● **DATA FOR THIS TASK**
━━━

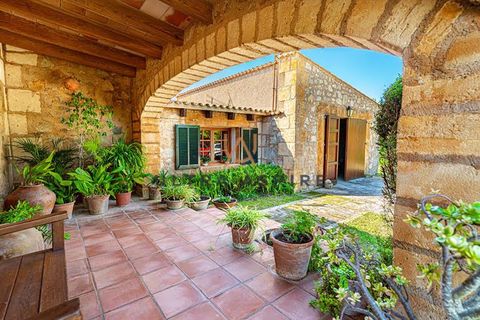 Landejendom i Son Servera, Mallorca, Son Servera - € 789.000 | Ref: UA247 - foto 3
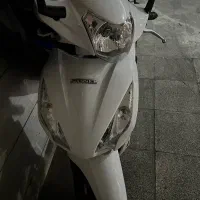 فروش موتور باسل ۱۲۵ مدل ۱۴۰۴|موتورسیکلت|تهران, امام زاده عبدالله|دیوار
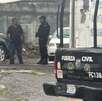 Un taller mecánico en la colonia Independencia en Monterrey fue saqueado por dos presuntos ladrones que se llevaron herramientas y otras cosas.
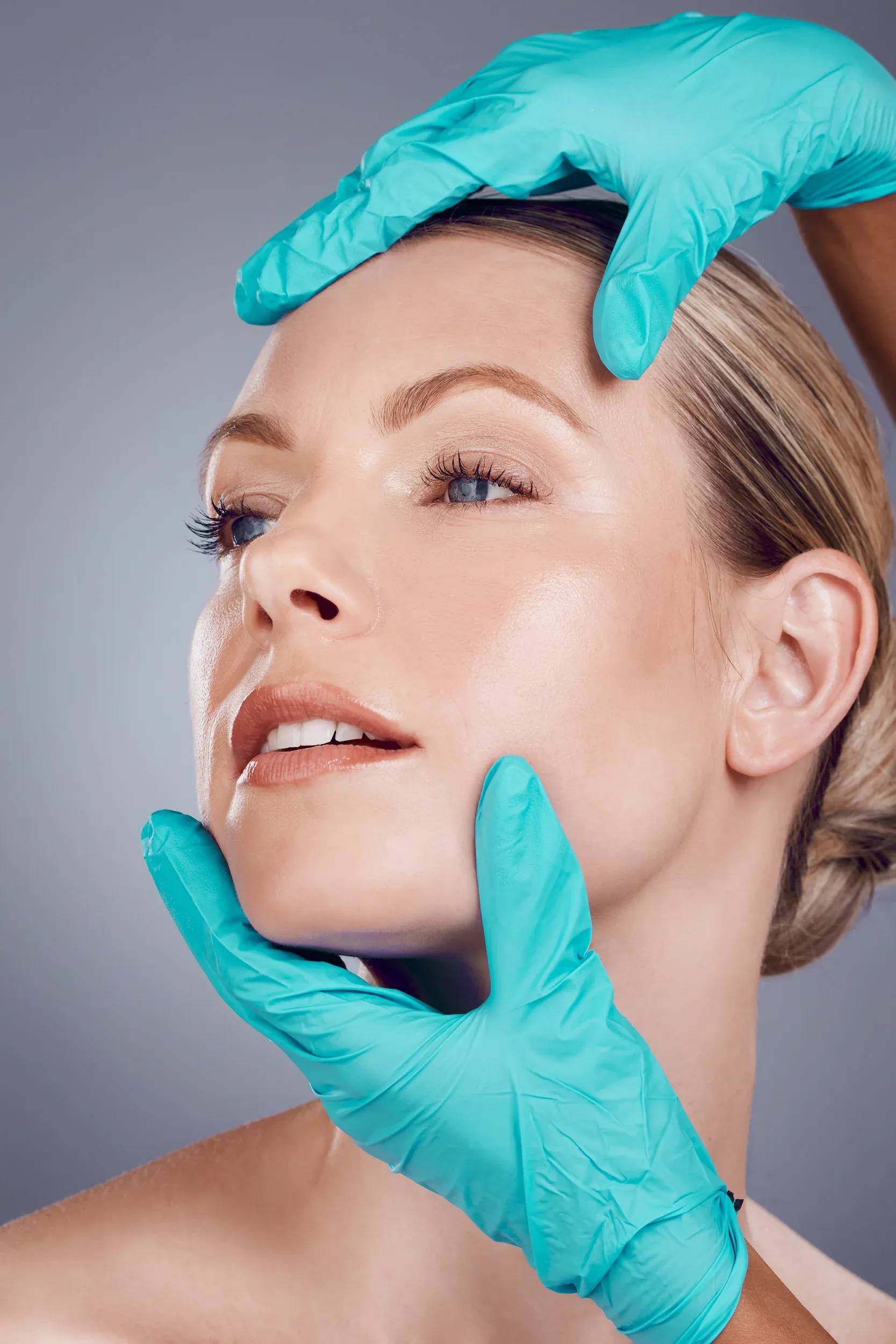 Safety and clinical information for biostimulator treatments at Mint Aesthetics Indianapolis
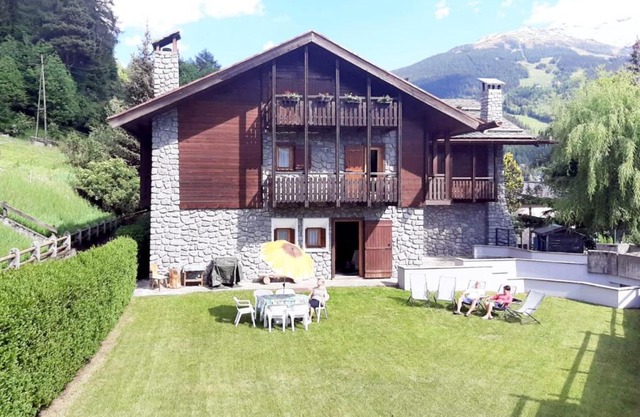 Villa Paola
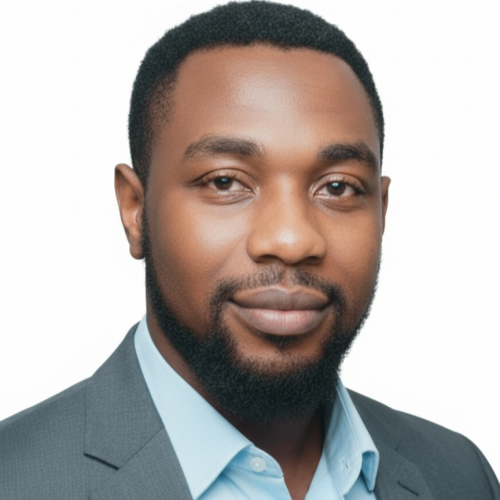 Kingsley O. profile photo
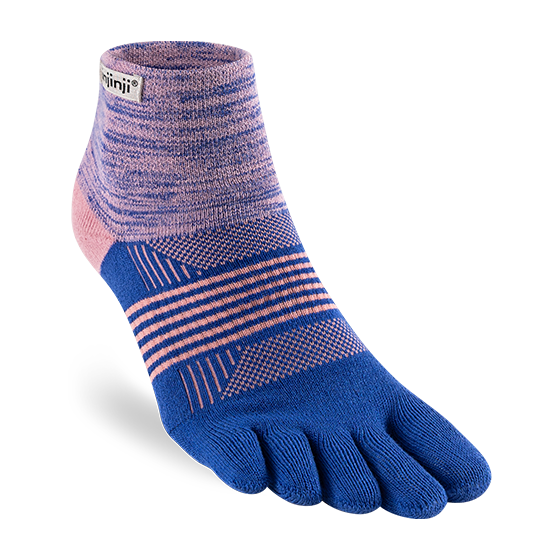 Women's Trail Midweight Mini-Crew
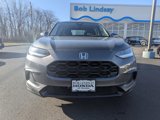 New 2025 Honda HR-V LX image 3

━━━

● **EXERCISE BRIEF**
Inclusive range, exact copy: the line containing "Kingsley O. profile photo" through the last line of the listing. Print nothing else, and no pictures.

● **RESPONSE BOX**
 Kingsley O. profile photo
 Women's Trail Midweight Mini-Crew
 New 2025 Honda HR-V LX image 3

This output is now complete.